- Education: Carnegie Mellon University Northwestern University
- Known for: Nanoparticle synthesis Metal ligand chemistry
- Scientific career
- Workplaces: University of Pittsburgh

= Jill Millstone =

American chemist

Jill Millstone is a professor of chemistry at the University of Pittsburgh. She works on metal-ligand chemistry in nanoparticle synthesis. She is the American Chemical Society Kavli Foundation Emerging Leader in Chemistry Lecturer for 2018.
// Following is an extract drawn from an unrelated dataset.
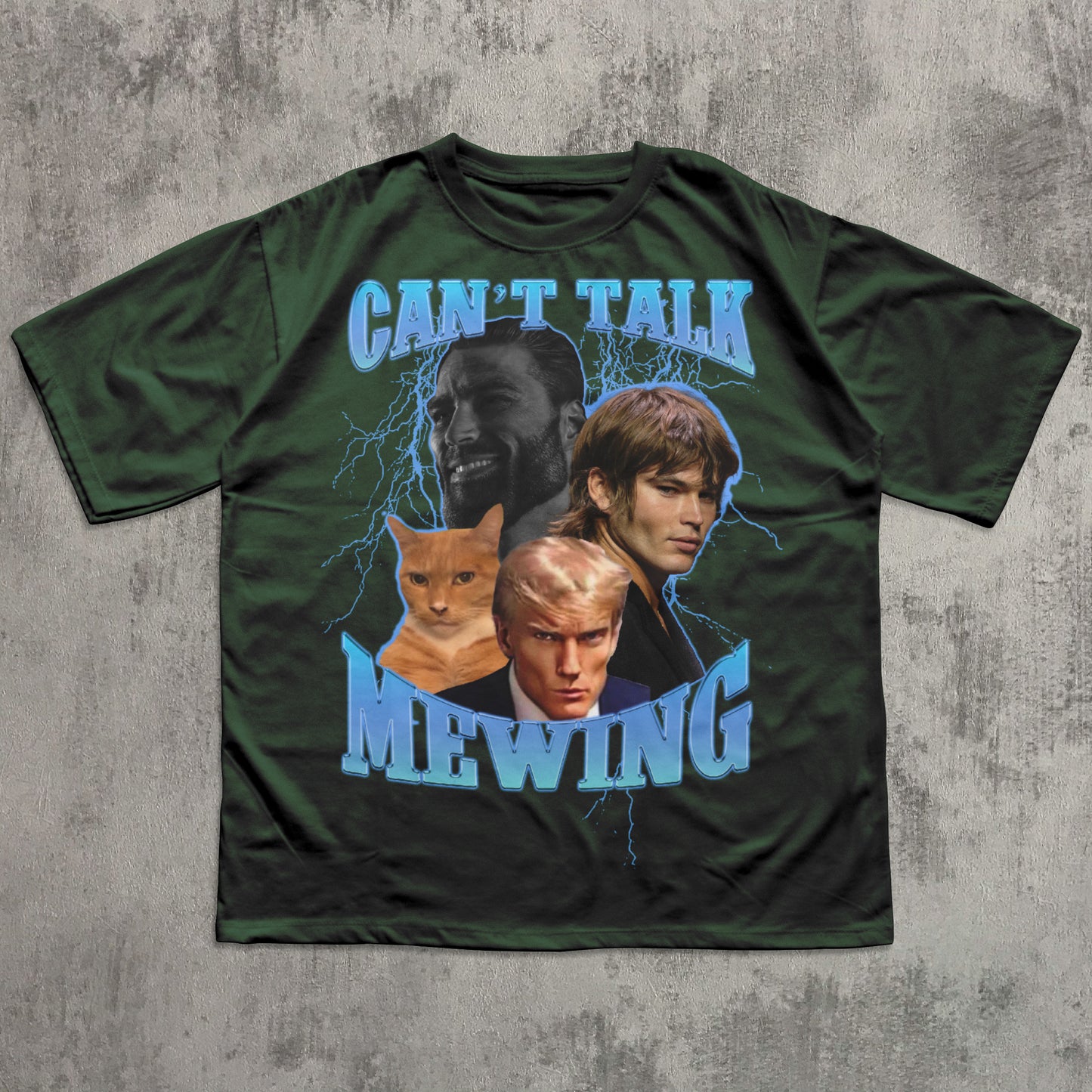 Green t-shirt with graphic design of four people and a cat, text 'CAN'T TALK MEWING', on a textured gray background.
== Early life and education ==
Millstone earned her bachelor's in chemistry at Carnegie Mellon University in 2003. She earned a PhD in materials chemistry at Northwestern University, working with Chad Mirkin. She was awarded the Northwestern University graduate school presidential fellowship.

== Research and career ==
Millstone worked as a postdoctoral researcher with Jean Fréchet and Paul Alivisatos at University of California, Berkeley. She was appointed to the University of Pittsburgh in 2011, earning a National Science Foundation career award.

In 2013 she developed nanoscale alloys that emitted so much near-infrared light they could be used in to visualise cells. Millstone uses small organic molecules to hold together metallic nanoparticles. Millstone's lab concentrates on the chemical synthesis of multifunctional nanoparticles and techniques to study their structural-property relationships. They work on nanoparticle colloidal arrays and their mechanochemistry. They use nuclear magnetic resonance, photoemission spectroscopy and electron microscopy. She won the 2015 Unilever Award for Outstanding Young Investigator in Colloid & Surfactant Science.

In June 2018 Millstone was announced the 2018 American Chemical Society Kavli Foundation Emerging Leader in Chemistry Lecturer. She won the University of Pittsburgh Distinguished Research Award. She is an associate editor at ACS Nano.